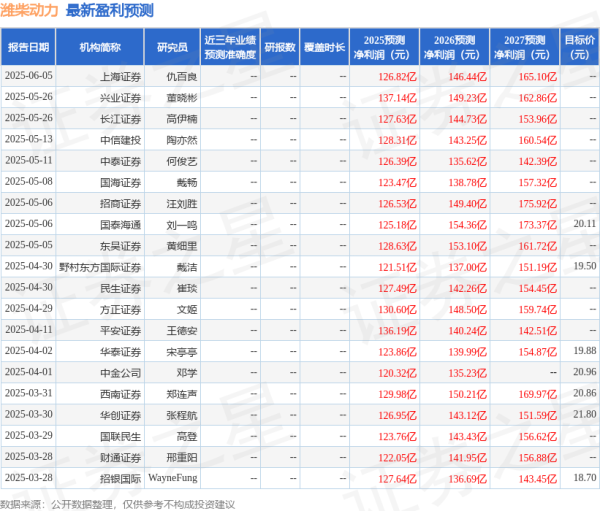 A策略 潍柴动力: 中金公司、中信资管等多家机构于6月26日调研我司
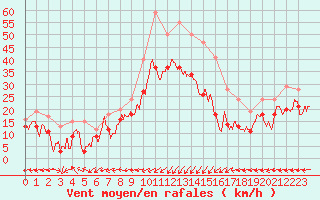 Courbe de la force du vent pour Ile Rousse (2B)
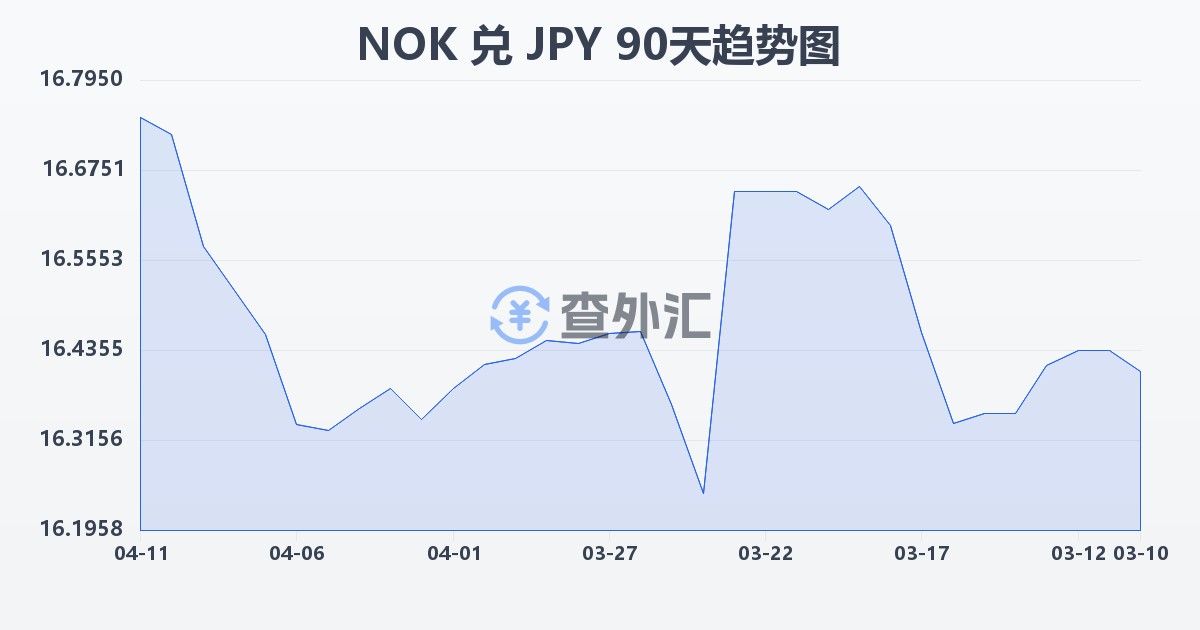 挪威克朗兑日元(NOK/JPY)近90天汇率走势图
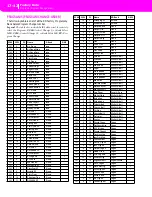 Preview for 203 page of Kohler KD-150 Owner'S Manual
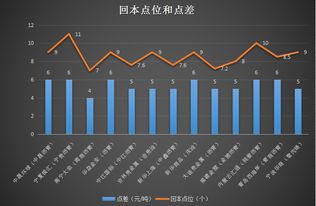 炒股杠杆平台排行是怎样的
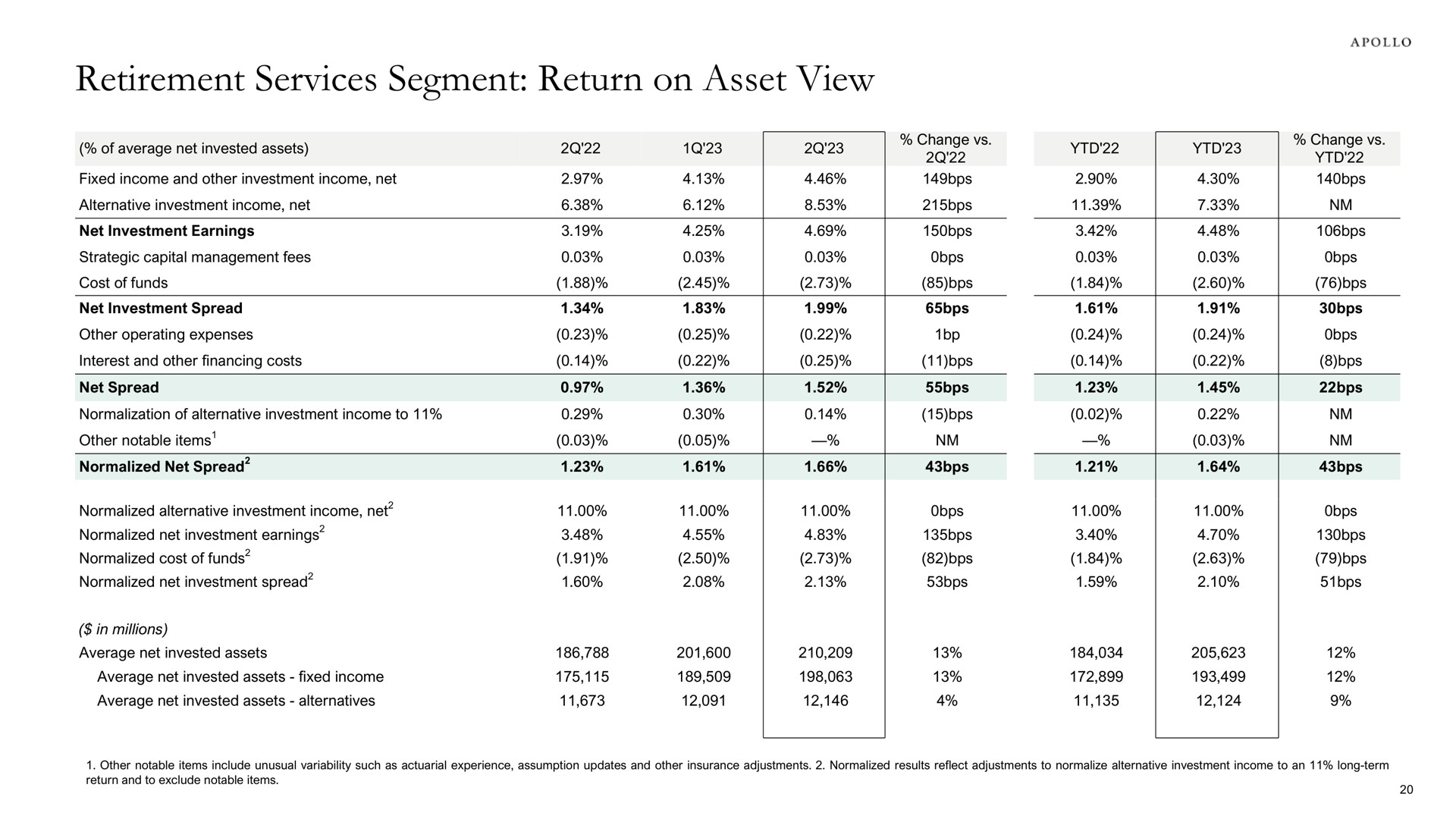 retirement services segment return on asset view | Apollo Global Management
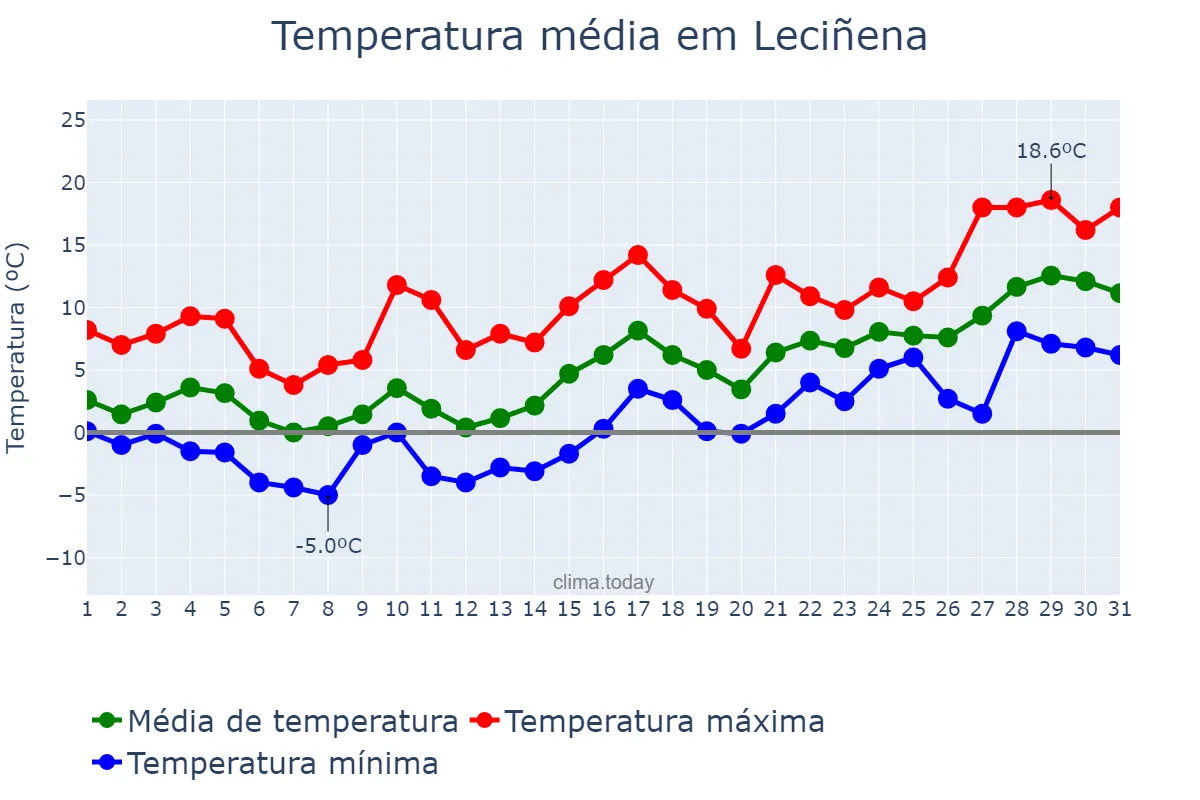 Temperatura em janeiro em Leciñena, Aragon, ES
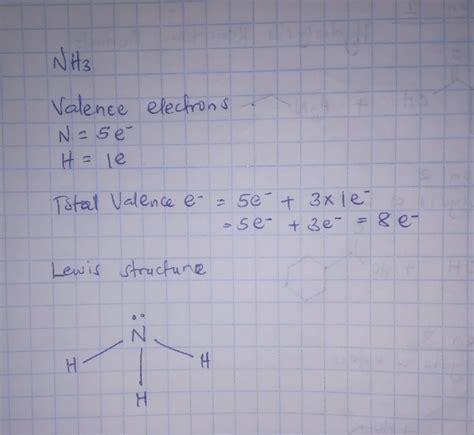 [Solved] 5. NH3 Lewis Structure Electron geometry Valence electrons ...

§ **Prompt**: What you write should match, word for word, the lines from the one containing "Temperatura em janeiro" to the end of the listing, with both ends kept and the pictures left out.

§ **Finished task**:
 Temperatura em janeiro em Leciñena, Aragon, ES
 [Solved] 5. NH3 Lewis Structure Electron geometry Valence electrons ...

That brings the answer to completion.